First, you need to compute a scores file. Follow the instructions to generate a file scores.zip for your test set.

Running the A* parser

The A* parser will compute, for each sentence, the well-typed projective AM dependency tree with the highest total score according to the scores file.

Follow the instructions on am-tools to build am-tools.jar. You can now run the A* parser on your scores file as follows:

java -cp <am-tools.jar> de.saar.coli.amtools.astar.Astar -s <scores.zip> -o <outdir> 

This will write an amconll file and a logfile into the directory <outdir>.

You can configure the outside heuristic used by the A* parser with the command-line argument --outside-estimator <heuristic_name>. The heuristic names are mapped to classes in the heuristics package in the OUTSIDE_ESTIMATORS field of the main A* class. So, for instance, you could use --outside-estimator ignore_aware.

Further useful command-line options are --threads <N>, which parallelizes parsing over N threads, and --statistics <statistics.csv>, which writes some runtime statistics to the CSV file <statistics.csv>.

On heuristics.
For more details on the heuristics we refer to Lindemann et al. (2020 @EMNLP). The heuristics are described in section 4 on page 4 and evaluation is presented in section 6.1 on page 8 with the relevant table on the following page. Here is how the paper to connects to the code:

  • The TrivialOutsideEstimator() (--outside-estimator trivial) is the first heuristic described in the paper (section 4.1, named "trivial"): this heuristic is assigning 0 to all items. Although this is an admissible heuristic, it is not a very useful one in practice.
  • The SupertagOnlyOutsideEstimator() (--outside-estimator supertagonly) is described at the end of section 4.1, but not evaluated. The cost is estimated as the sum of the lowest-cost supertag for each token outside of the span of the item.
  • The StaticOutsideEstimator (--outside-estimator static) is called "edge-based heuristic" at the beginning of section 4.2. Additionally to using the lowest-cost supertags like the supertagonly heuristic, it also incorporates the sum of the lowest-cost incoming dependency edge (this includes 'root' and 'ignore' edges) for each token outside of the span of the item.
  • The RootAndIgnoreAwareStaticEstimator (--outside-estimator ignore_aware) is called "ignore-aware outside heuristic" at the end of section 4.2 and adds the following constraints on top of the "static" heuristic: (1) There can only be one root (2) 'ignore' edges and the $\bot$ supertag always appear together.
  • the root_aware heuristic (RootAwareStaticEstimator) is not described in the paper.

The current (June 2021) default heuristic used is the "static" one (see Line 460 in Astar.java).

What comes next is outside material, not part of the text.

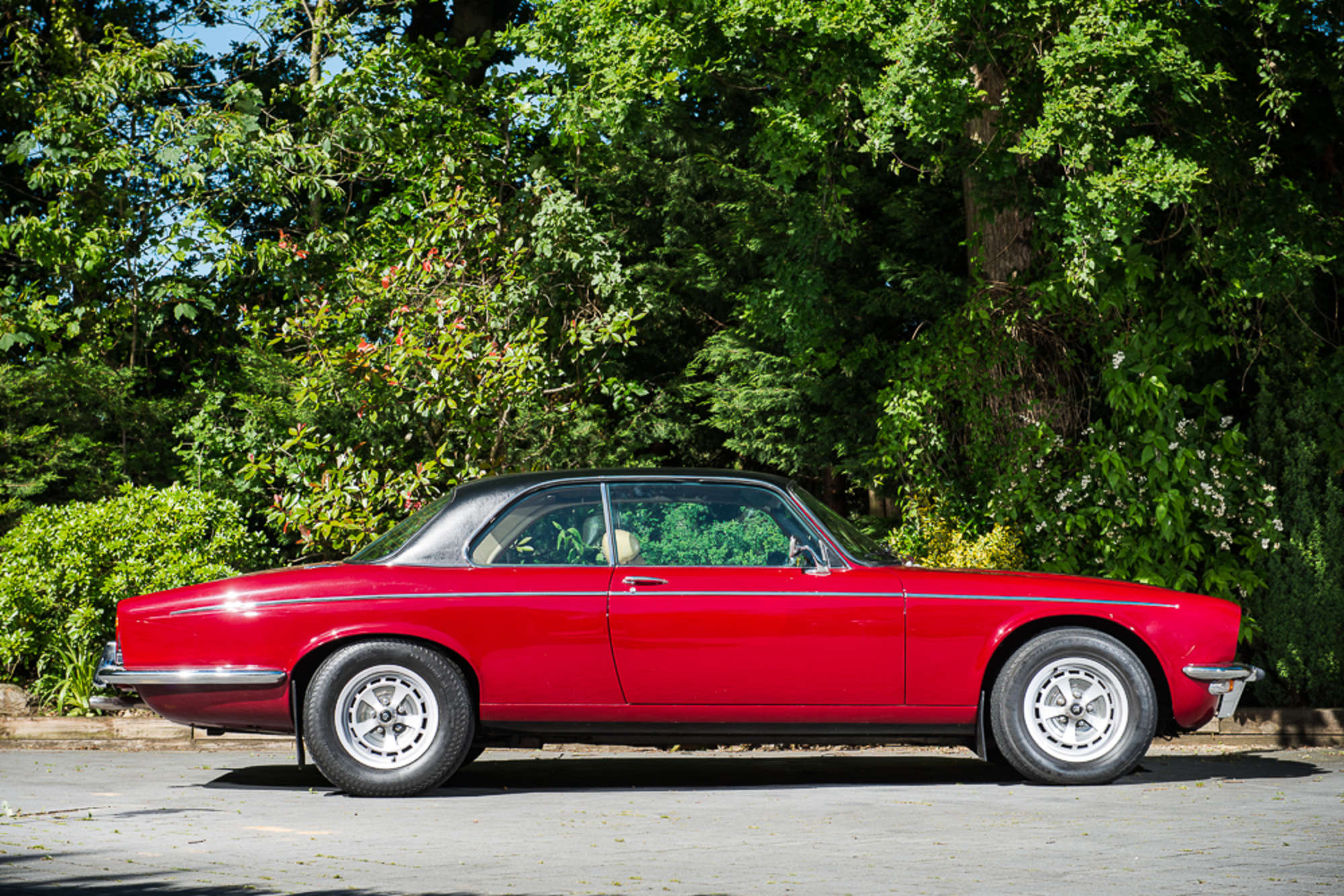 1977 Daimler Double-Six Coupé-Sold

Speeding up the computation

If you are going to parse with the same scores file multiple times, you can drastically reduce startup time of the parser in the following two ways.

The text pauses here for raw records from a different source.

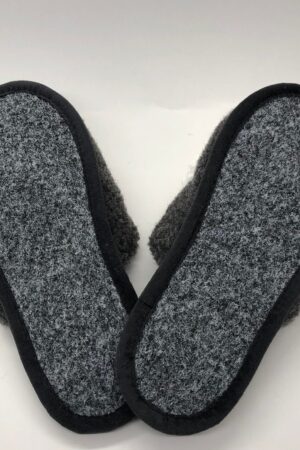 Cozy and Sustainable Eco-Friendly Merino Wool Slippers for Women and Men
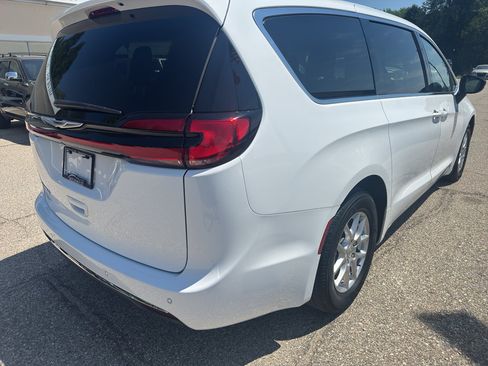 Used 2024 Chrysler Pacifica Touring-L FWD image 10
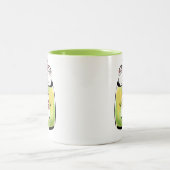 Schnee und Kakao-Tasse Zweifarbige Tasse (Mittel)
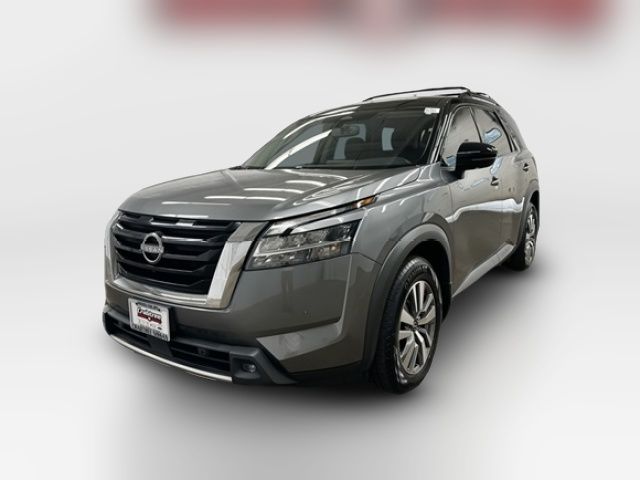 2022 Nissan Pathfinder SL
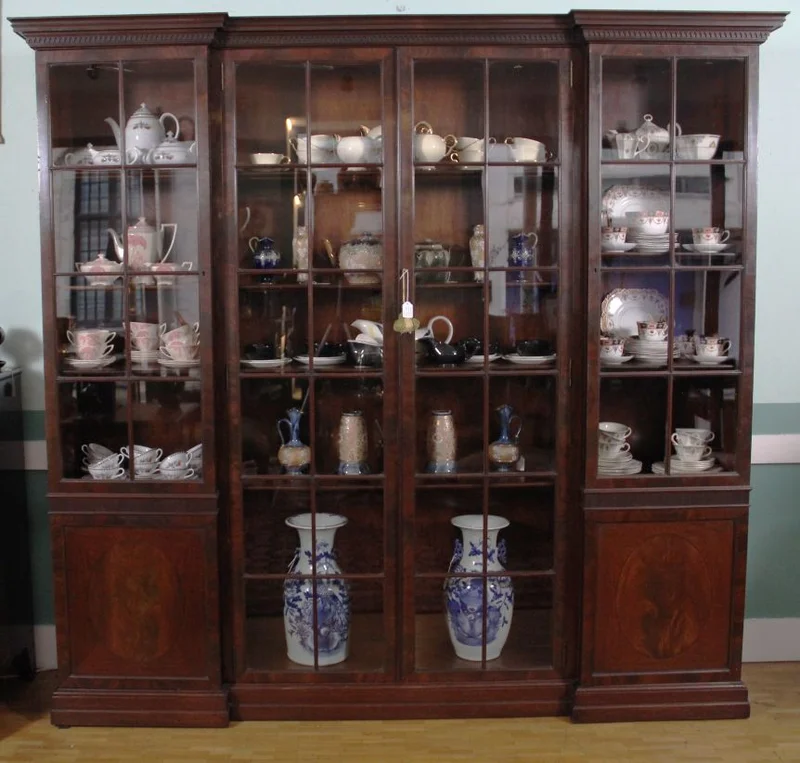 Vierdeurs boekenkast - Meubel › Kasten - €3250.00 - Mahoniehouten boekenkast in "reversed breakfront".
Hoge beglaasde delen en twee gesloten opbergvakken links en rechts.
210cm lang, 40cm diep, 200cm hoog
Edwardian periode; ca 1930/1940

First, you can cache certain preprocessing work on the types by passing the command-line option --typecache <typecache.dat>. If the file <typecache.dat> does not exist, this will perform the type preprocessing and store the results in this file. If the file exists, the results of the preprocessing will be loaded from <typecache.dat>, which can be much faster than performing the preprocessing itself.

Second, you can pickle the scores file into a serialized scores file using the following command:

java -cp <am-tools.jar> de.saar.coli.amtools.astar.io.SerializedScoreReader <scores.zip> <serialized-scores.zip>

This will read the scores file <scores.zip> and write it into a file <serialized-scores.zip> in a binary form, which is much faster to read for the A* parser than the scores file itself. In order to use the serialized scores file, pass the command-line option -S <serialized-scores.zip> instead of -s <scores.zip>.